I am 100% as passionate about this as I sound.

And that’s not even to mention the other amazing fruits that are available here, very cheap and extra delicious: mango, banana, strawberries, raspberries, pineapple, and more. And of course the Colombian fruits that you definitely don’t find in New England: granadilla, feijoa, lulo, maracuyá, guanábana, guava, guayaba, coroza, mamoncillo, curuba, pitahaya, uchuva…and tons more that I haven’t even tried yet!

Granadillas: the most delicious slimy weird alien guts fruit I ever loved.

Granadillas: the most delicious slimy weird alien guts fruit I ever loved.

4. “Executive Lunches”

“I’ll have one of everything, please.”

This is a phenomenon that exists in other cities, but living in downtown Bogotá I’ve been able to take full advantage of this one. Let me introduce you to the magic that is the “almuerzo ejecutivo”.

What this means is that for $2-4, you are about to get served a giant lunch within four minutes of sitting down. Your lunch consists of a juice (usually two options, made from the amazing fruits I named above), a soup (hearty and delicious, probably made with veggies, potatoes, spices, and/or beans), and a big plate of food that includes some combination of chicken, beef, or pork; plantains; rice; green salad; potatoes; or maybe lentils.

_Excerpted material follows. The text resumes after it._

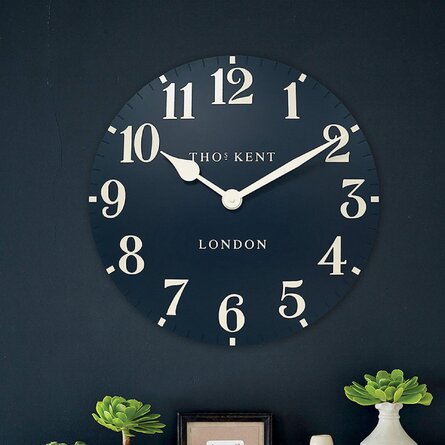 12" Arabic Wall Clock Ink - Brambles Gift Shop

Serving just one or two options allows the kitchen to send the food out at lightning speed. You can easily be out of there in 20 minutes…but good luck keeping up with the food appearing on your table!

The only downside: with such a full and happy belly, you are going to be hit with some serious 2pm sleepiness struggles.

5. Never leave the house without a thick sweater, a tshirt, an umbrella, and sunglasses. 

Rainy, chilly days are only nice when you can work from home under a blanket.

Rainy, chilly days are only nice when you can work from home under a blanket.

Coming from New England, I thought I knew fickle climates. Bogotá has proved me completely wrong.

Like when I look out my window before leaving my apartment, and I see that it’s bright and sunny as can be. Great! I think. I’ll just take a light sweater!

I leave my door, walk to the elevator, go down several floors, and exit the building.

It’s raining.

Welcome to life in Bogotá.

Now, overall, I would say that the climate here is actually quite comfortable. The temperature never goes below 50 (at night) or above 75 (noon on a sunny day). No one here has heat and no one has air conditioning, which basically sums it up. It never gets bone-chillingly cold nor unbearably hot. Not so bad!

You’ll just need to be prepared for all four seasons in one day: chilly mornings and nights require a scarf and jacket; midday sun requires a tshirt (and you’ll still break a sweat); and rain at any time requires an umbrella.

6. Being 9,000 feet closer to the sun

I’ve had a love-hate relationship with this fact. Bogotá has not yet let me forget that I am a sea-level girl at heart (quite literally, cardiovascularly speaking).

I live in the eastern hills of the city, and have to walk up a series of murderous flights of stairs every day to get home (this is basically me multiple times every day). You might be able to imagine how doing it on reduced available oxygen might make you feel. There’s nothing quite like that special feeling of your lungs not really working!

bogota stairs

Just one of the several long flights of stairs that stand between me and my bed at all times.

Between this and my knee problems — and the air pollution, and the traffic — I haven’t done much running here. But I did begin a aggressive campaign to “make these %&$# stairs my bitch”, in which several days a week I run sprints up the steps. The first couple of times I did it I was concerned I might actually die. Luckily I eventually progressed to doing multiple sprints, culminating in when I got locked out of my apartment one night while exercising and had to continue doing stair sprints in order to not freeze, which was actually pretty hardcore. At that point I felt like a goddamn Under Armour model…even though I could still barely breathe.

Being closer to the sun has one other surprising effect: you can get sunburned super easily. Spent the morning walking around outside when it was sunny? Yep, you will look like you just spent the morning at the beach — while never leaving the mountains or taking your sweater off!